[prev in list] [next in list] [prev in thread] [next in thread] 

List:       xfree-i18n
Subject:    [I18n]Re: on using locale-dependent libc converters in xterm
From:       Markus Kuhn <Markus.Kuhn () cl ! cam ! ac ! uk>
Date:       2001-02-21 12:25:59
[Download RAW message or body]

Tomohiro KUBOTA wrote on 2001-02-21 11:04 UTC:
> There are two ways to develop LC_CTYPE-locale-dependent softwares.
> One is using wide characters and so on, as you said.  Another way
> is to adopt some specific encoding (like UCS-4) as an internal
> encoding and use setlocale(), nl_langinfo(), and iconv() for every
> I/O.  Since Xterm had Unicode support, it is much easier to take the
> latter way.

Hm, that was not the original plan when we put in the UTF-8 support. The
original plan was that the UTF-8 decoder and anything else related to
UTF-8 will be removed again as soon as libc and libX11 provide the
proper locale-dependent equivalents, and to count on wchar_t = UCS
via __STDC_ISO_10646__.

> Well, evolution of softwares is sometimes accidental.

Mostly because development moves from person to person and often the
next developers looks at the previous developer's quick temporary hacks
(such as our UTF-8 code) and accepts it as the permanent god-given
solution. Happens all the time in our backwards compatible world
unfortunately.

When we put UTF-8 encoders/decoders/keysym-converters into xterm over a
year ago, that was only because glibc didn't have UTF-8 locales and
libX11 didn't have them either. Both is now fixed for the major XFree86
platform as well as for the major commercial Unices.

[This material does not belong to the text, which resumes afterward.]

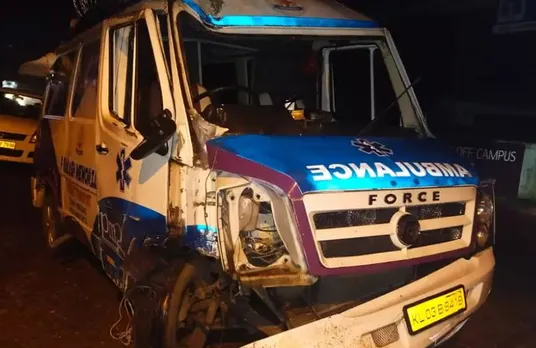 തിരുവല്ലയില്‍ ആംബുലന്‍സ് ഇരുമ്പ് തൂണിലിടിച്ചുണ്ടായ അപകടത്തില്‍ എട്ട് മാസം ഗര്‍ഭിണിയായ യുവതിയുള്‍പ്പെടെ നാല് പേര്‍ക്ക് ഗുരുതര പരിക്ക്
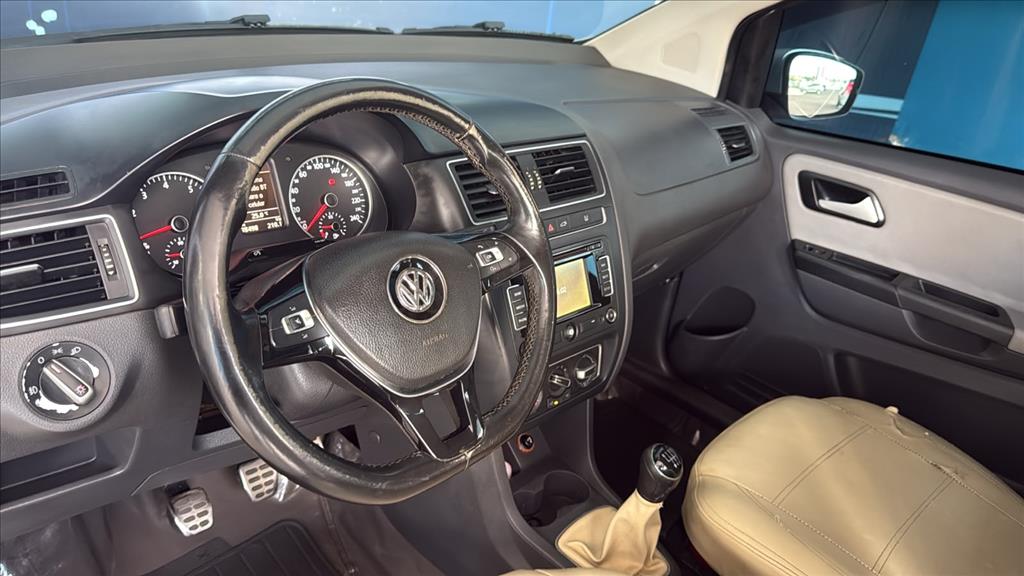 CROSSFOX 1.6 MI FLEX 8V 4P MANUAL8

I very much would like to see xterm becoming a shining example of how to
properly use the now available proper locale-dependent UCS and UTF-8
support infrastructure in the standard libraries, and not a bag of
operational but less pleasant temporary hacks with setlocale(),
nl_langinfo(), and iconv(). I want application programmers to get the
message "We can rely on the UCS/UTF-8 locale support, because xterm does
so as well."

> There are no ways to know which
> character is "combining" or "bidi", though wcwidth() can be used
> for detect "doublewidth".  Note that XTerm must be portable and
> we cannot assume wchar_t is UCS-4.  This is true only for Glibc.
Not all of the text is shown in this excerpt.